Stage 2 of Meaningful Use may do more than spur the adoption of EHRs and the growth of health information exchange (HIE). It could change the way that providers regard their patient records, a panel of experts said during a roundtable discussion hosted by the National e-health Collaborative, a public-private partnership established by a grant from the Office of the National Coordinator (ONC) to foster national HIE.
The proposed rule for Stage 2 of Meaningful Use requires, among other things, that 10 percent of transitions of care and referrals be conducted electronically across vendor and provider boundaries. That means that providers must sending patient data to unrelated entities that may use a different EHR system, said Claudia Williams, director of ONC's state HIE program. Stage 2 also increases providers' obligations to provide patients with on line access to their health information.
"We're going to need functionalities, to make sure the information follows patients and the information gets into the EHRs," she says. Currently there isn't widespread capability for providers to accomplish that, she said.
As a result, HIEs, particularly public ones may see renewed interest from providers. "If you just have tethered personal health records [to proprietary EHRs] people can't get at the information. If data is [accessible] on a community level, one can get all of one's information," said Leslie Lenert, professor of medicine and biomedical informatics at the University of Utah.

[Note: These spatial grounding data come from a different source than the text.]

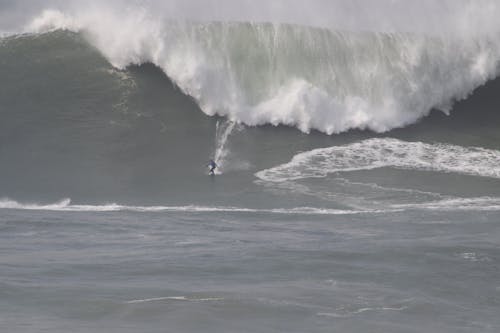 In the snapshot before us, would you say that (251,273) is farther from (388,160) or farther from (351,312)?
(388,160)

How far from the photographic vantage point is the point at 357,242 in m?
15.1

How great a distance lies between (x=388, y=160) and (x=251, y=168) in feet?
10.4

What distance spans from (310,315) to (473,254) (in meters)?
4.00

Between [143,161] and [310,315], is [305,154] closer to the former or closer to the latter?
[143,161]

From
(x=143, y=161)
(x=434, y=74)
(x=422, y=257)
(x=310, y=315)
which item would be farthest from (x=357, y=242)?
(x=434, y=74)

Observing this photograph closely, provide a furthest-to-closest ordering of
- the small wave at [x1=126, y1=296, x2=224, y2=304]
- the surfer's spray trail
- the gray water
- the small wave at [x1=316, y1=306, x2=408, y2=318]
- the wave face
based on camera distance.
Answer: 1. the wave face
2. the surfer's spray trail
3. the small wave at [x1=126, y1=296, x2=224, y2=304]
4. the small wave at [x1=316, y1=306, x2=408, y2=318]
5. the gray water

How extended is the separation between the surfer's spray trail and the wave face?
45cm

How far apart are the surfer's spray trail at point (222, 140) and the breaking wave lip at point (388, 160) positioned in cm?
118

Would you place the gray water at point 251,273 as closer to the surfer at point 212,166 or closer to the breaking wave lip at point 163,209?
the breaking wave lip at point 163,209

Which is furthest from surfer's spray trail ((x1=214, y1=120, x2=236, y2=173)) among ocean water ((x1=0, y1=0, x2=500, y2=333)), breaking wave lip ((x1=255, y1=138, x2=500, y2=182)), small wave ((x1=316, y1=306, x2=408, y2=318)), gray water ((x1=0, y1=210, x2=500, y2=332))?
small wave ((x1=316, y1=306, x2=408, y2=318))

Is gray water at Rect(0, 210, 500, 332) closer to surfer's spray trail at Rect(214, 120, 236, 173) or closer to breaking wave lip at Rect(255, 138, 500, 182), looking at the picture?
breaking wave lip at Rect(255, 138, 500, 182)

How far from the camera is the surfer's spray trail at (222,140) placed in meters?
22.3

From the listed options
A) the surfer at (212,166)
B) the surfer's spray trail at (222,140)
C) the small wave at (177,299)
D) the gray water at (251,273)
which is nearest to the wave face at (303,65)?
the surfer's spray trail at (222,140)

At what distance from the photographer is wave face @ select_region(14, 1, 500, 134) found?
25.0m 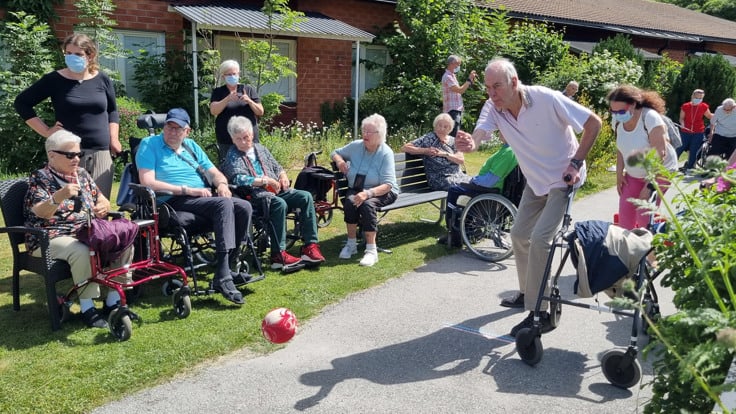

Lenert wrote a recent article published in the Journal of American Medical Informatics Association on public HIEs.
But Stage 2 may have more fundamental impact by changing the way that providers perceive their patients' data. Instead of seeing it as proprietary and hoarding it, sharing it via an HIE may be a way for providers to set themselves apart as offering better customer service, say by offering electronic data to patients faster than their competition.
"Stage 2 brings the potential to shift the basis of competition. Doctors used to look at data as a competitive asset. I can see public policy moving us to a shift to make it competitive to share data," said Vince Kuraitis, principal, Better Health Technologies.